Orbite: bientôt l’heure de vérité

Richard Boudreault, président d'Orbite Aluminae. Photo La Presse

Richard Boudreault, président d'Orbite Aluminae. Photo La Presse

La construction de la première usine d’alumine de haute pureté (HPA) d’Orbite Aluminae va comme prévu et les investisseurs sauront bientôt si cette technologie fonctionne et est viable à grande échelle.

Les travaux de construction de l’usine située à Cap-Chat, au Québec, sont en grande partie complétés et que tout l’équipement essentiel est en place. L’inspection préopérationnelle est en cours et la mise en service dans plusieurs sections de l’usine a commencé comme prévu, affirme l’entreprise dans un rapport d’étape émis ce matin.

Le rapport semble plaire aux investisseurs puisque le titre, qui fait l’objet d’un grand «buzz» populaire, a bondi jusqu’à 2,91$ ce matin, un gain de 8%, dans un fort volume. Malgré son petit prix, Orbite est loin d’être un titre junior puisqu’il pèse plus d’un demi-milliard de dollars en Bourse.

«Le début de la mise en service est un jalon important pour l’usine de HPA. Cela nous permet d’atteindre une production initiale à court terme et une production commerciale, comme prévue, pour le début du deuxième trimestre 2013. Une fois en exploitation commerciale, l’usine HPA devrait démontrer pleinement les processus de l’usine d’alumine métallurgique», a déclaré Richard Boudreault, président et chef de la direction d’Orbite.

L’équipe d’ingénieurs suit un plan détaillé de 720 étapes pour compléter la vérification préopérationnelle et la mise en service.
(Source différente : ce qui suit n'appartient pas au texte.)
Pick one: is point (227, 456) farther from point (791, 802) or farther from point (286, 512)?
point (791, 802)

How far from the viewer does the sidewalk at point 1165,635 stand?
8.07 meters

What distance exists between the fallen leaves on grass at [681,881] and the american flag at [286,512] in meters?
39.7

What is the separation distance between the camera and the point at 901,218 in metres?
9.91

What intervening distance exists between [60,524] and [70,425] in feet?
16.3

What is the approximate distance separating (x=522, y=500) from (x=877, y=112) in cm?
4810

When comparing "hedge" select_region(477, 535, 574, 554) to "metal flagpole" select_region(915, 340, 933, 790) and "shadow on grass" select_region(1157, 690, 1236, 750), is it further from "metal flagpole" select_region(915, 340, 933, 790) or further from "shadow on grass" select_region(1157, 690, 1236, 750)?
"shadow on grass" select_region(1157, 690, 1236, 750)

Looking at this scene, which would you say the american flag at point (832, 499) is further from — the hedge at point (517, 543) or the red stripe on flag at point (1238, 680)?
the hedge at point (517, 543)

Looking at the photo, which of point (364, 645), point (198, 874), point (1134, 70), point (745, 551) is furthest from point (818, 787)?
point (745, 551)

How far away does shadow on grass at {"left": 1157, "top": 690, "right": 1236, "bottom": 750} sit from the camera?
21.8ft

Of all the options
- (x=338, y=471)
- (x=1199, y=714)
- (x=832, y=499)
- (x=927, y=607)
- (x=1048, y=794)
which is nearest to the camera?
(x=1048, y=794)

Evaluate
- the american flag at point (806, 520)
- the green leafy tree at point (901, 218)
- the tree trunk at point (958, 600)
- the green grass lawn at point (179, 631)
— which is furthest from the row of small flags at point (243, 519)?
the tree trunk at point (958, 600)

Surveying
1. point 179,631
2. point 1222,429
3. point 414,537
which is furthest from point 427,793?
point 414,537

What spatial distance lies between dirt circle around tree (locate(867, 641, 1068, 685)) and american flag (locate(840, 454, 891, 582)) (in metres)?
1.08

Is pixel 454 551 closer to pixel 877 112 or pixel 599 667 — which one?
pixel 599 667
La capacité initiale de production de l’usine HPA devrait progressivement passer de moins d’une tonne par jour de HPA 4N à 6N au début du 1er trimestre 2013 à 3 tonnes par jour d’ici la mi-2013 et à 5 tonnes par jour d’ici la fin de 2013. Une partie de l’équipement de l’usine a déjà une capacité de production de 5 tonnes par jour.

L’alumine de haute pureté sert principalement a la fabrication de saphirs industriels, qui peuvent être utilisés comme substrats dans les lumières DEL, les écrans DEL et les circuits intégrés. Le HPA est également utilisé dans les capteurs de l’automobile et d’autres applications.
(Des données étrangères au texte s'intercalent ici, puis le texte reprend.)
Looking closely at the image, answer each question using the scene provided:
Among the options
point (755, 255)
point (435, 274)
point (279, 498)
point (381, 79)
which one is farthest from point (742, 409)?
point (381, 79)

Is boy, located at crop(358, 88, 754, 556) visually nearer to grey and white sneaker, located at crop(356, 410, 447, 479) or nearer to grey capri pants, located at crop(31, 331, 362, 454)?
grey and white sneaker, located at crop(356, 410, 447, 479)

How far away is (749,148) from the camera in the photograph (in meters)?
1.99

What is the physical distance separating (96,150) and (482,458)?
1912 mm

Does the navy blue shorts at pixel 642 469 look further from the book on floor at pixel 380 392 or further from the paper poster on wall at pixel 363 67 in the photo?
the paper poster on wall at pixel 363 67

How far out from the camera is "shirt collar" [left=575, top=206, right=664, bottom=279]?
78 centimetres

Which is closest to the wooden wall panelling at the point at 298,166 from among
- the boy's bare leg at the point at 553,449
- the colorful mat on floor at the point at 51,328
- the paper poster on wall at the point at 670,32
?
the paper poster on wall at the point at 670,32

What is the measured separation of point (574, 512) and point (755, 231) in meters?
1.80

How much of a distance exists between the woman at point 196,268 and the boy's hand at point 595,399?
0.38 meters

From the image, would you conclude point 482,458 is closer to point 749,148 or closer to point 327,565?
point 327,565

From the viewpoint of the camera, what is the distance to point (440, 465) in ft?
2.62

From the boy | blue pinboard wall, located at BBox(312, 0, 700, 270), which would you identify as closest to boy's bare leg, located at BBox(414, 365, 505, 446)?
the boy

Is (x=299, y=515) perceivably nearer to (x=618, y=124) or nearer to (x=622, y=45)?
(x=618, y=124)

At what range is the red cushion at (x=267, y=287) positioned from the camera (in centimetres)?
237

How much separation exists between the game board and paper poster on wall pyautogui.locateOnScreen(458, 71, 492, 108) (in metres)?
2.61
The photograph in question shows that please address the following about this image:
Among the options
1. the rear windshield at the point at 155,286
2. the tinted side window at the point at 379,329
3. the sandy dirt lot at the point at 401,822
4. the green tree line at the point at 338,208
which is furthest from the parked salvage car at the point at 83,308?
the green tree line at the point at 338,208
Orbite prévoit également la production d’oxydes de gallium et de scandium, des terres rares, lorsque le circuit de récupération sera terminé à l’usine HPA vers la mi-2013.

Orbite a par ailleurs obtenu de Munich Re une couverture d’assurance pour sa propriété intellectuelle, qui comprend son portefeuille de brevets, secrets industriels et ses marques de commerce. Ceci protège notamment Orbite contre des réclamations pour contrefaçon par des tierces parties et rembourse les frais de litiges entamés par Orbite pour poursuivre des tiers qui contreviennent à sa propriété intellectuelle. Orbite possède 14 familles de propriété intellectuelle portant sur divers aspects de sa technologie et a déjà reçu un brevet pour la première famille de PI au Canada, aux États-Unis et en Australie.

«Cette assurance va nous fournir une défense supplémentaire contre d’éventuels contrefacteurs à notre propriété intellectuelle à travers le monde, ce qui donne une valeur accrue à nos actionnaires», a déclaré Richard Boudreault. Il n’y a présentement aucun litige concernant les brevets d’Orbite, confirme une porte-parole.